日米講和試案

 1943年後半,今までのウソ(戦意高揚の為に「マーシャル沖の敗北は条約違反で作った46cm砲搭載戦艦のせいだ」と言っていた。実際には載せ代えは条約失効後であった)がばれて窮地に追い込まれた合衆国政府は不充分な兵力でのマーシャル・マリアナ侵攻を決意。結果はマリアナ沖海戦での大敗北につながり,ハワイにまで危機が及ぶにいたって44年の大統領選挙で落選。
 これをチャンスと見た日本政府は次期大統領との水面下での交渉を行い,翌45年1月,新大統領就任と同時に日米講和条約を締結.骨子は,

    日本は台湾を中華民国政府に返還する.
    合衆国はフィリピンから完全撤退,独立を認める。

 の二点であった。日本側から見れば「フィリピンをファシズム(合衆国の実態は第二次大戦中といえどもそこまで悪くは無かったのだが)から解放した」として,また合衆国側から見れば,「新しい市場(台湾)を確保した」としてそれぞれの面子を立てた物であった.
 これは,日本側では屈辱的講和(何しろ米本土まで到達していたのだ)として反対運動が盛り上がったが,実態はそれどころではなかったのだ.何しろ,五年以上に渡って続いた戦争のおかげで国力は疲弊しきっていた.実はこの返還にはウラがあり,「植民地統治時代に作った社会資本の代金は支払う」ということで莫大な資金が中華民国から日本に渡されることになっていたのだ.更に言うならば,返還後も基地の使用権は日本にあった.決して悪い物ではなかったのだ.
 それ以前の問題として,日本はもはや手詰まりであった.これ以上は押すことなど出来ないし,一年も経てば建造中の合衆国艦艇によって叩きのめされるのは目に見えていたからである.

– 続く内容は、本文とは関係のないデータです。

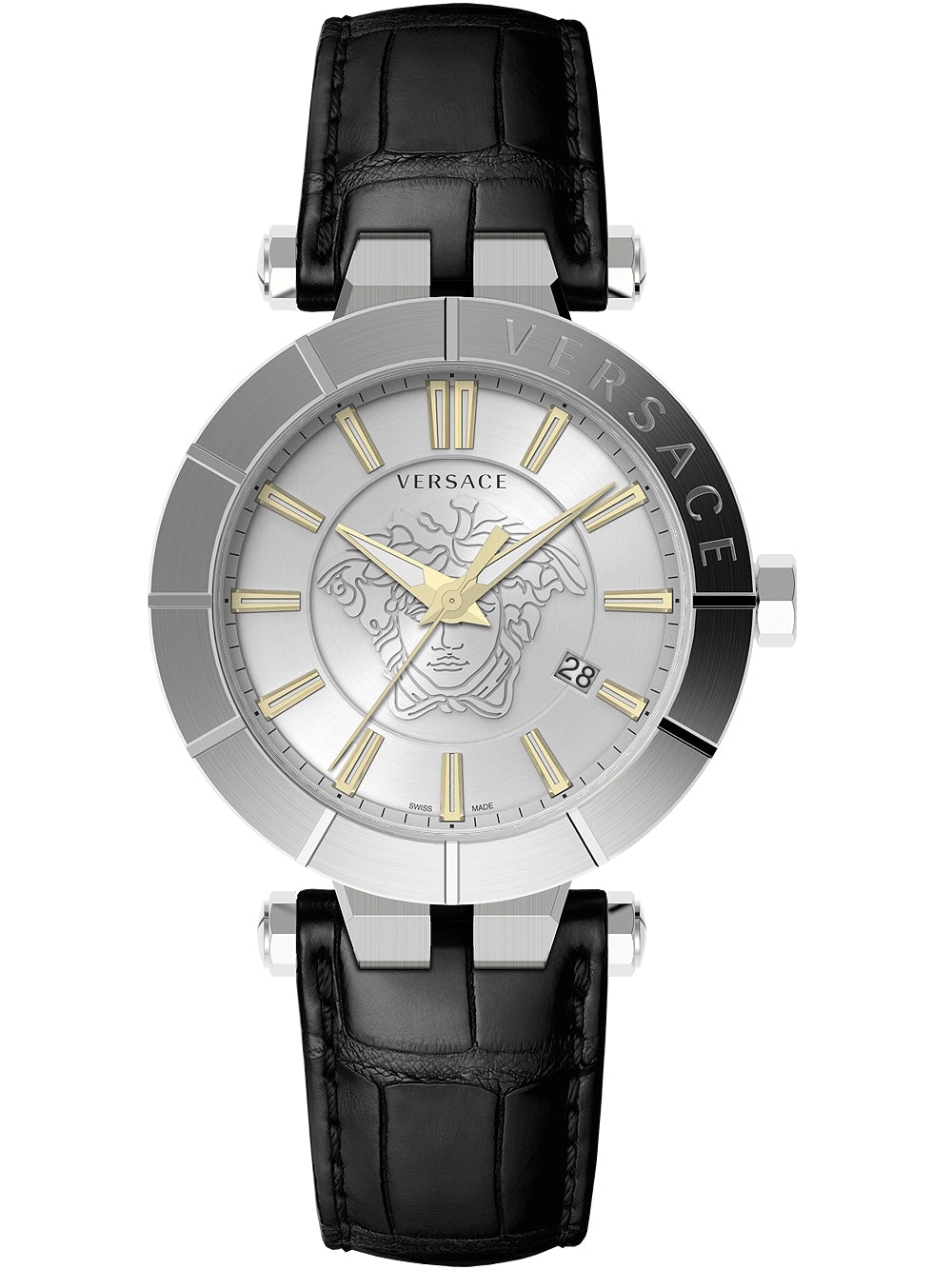 VERSACE VE2B00121 Analoguhr Armbanduhr 30 mm ansicht-2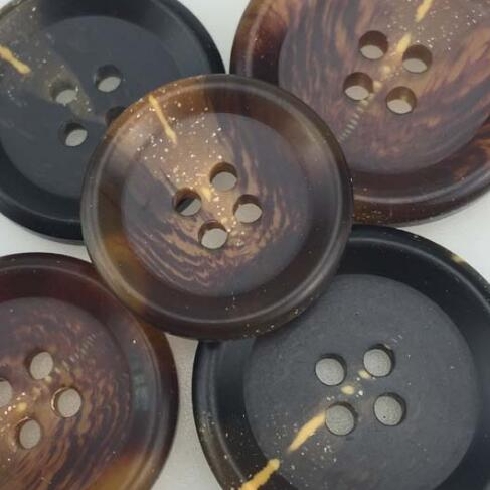 紐扣奇緣，最新扣子的溫馨故事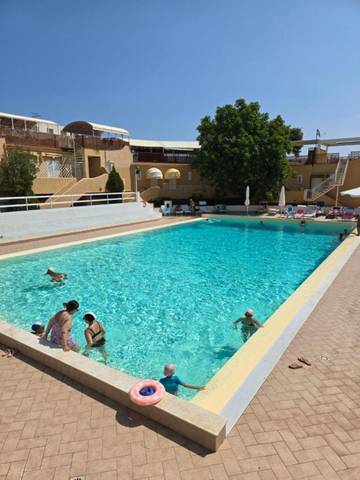 Studio voor 3 Personen in Spiaggia di Mondello, Palermo, Afbeelding 1
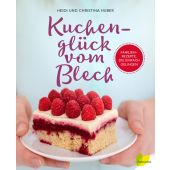 Kuchenglück vom Blech, Huber, Heidi/Huber, Christina/Felbert, Peter von, Löwenzahn Verlag, EAN/ISBN-13: 9783706625982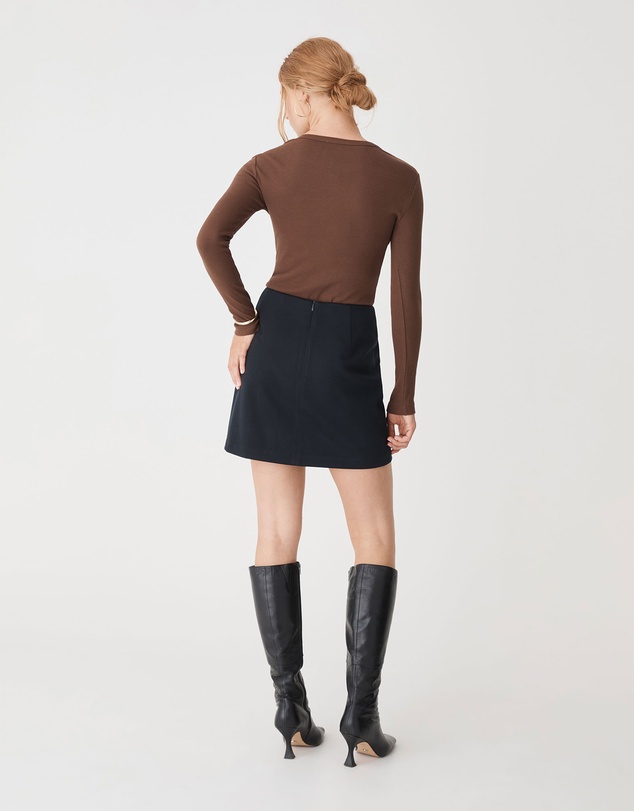 Forcast - Bridget Mini Skirt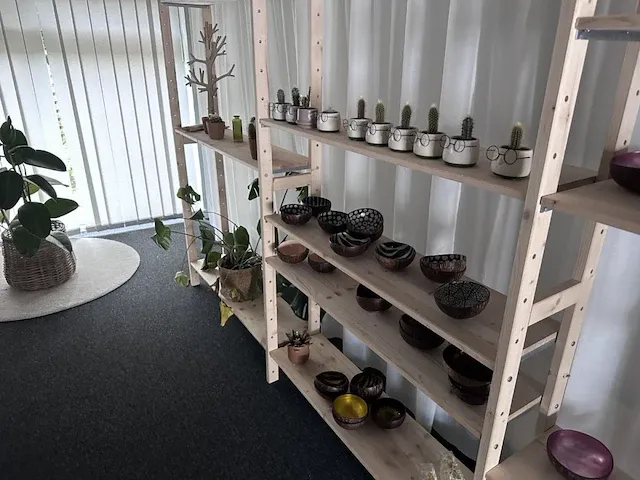 Inboedel winkel geel - afbeelding 36 van  36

 しかし,反対派はこれを不満として行動に出た。いわゆる第二次ニ・二六事件である(第一次は1921年,隆山条約締結に関して海軍優遇に腹を立てた陸軍将校が戦後不況と海軍を結び付けて決起したもの)。
 なお,この第二次ニ・二六事件は帝国海軍同士の交戦にまで発展,何とか鎮圧に成功し,講和条約は締結されたものの,このドサクサにまぎれて行われたドイツのケベック作戦に有効な対応を取ることが出来なかった.

 ちなみに,中華民国は日本に対する支払いのため莫大な額の借款を合衆国から受けたが,ドル立てであったため,48年のドイツ軍合衆国侵攻により,その負担は大いに減ることになった(ドルの値打ちが暴落した).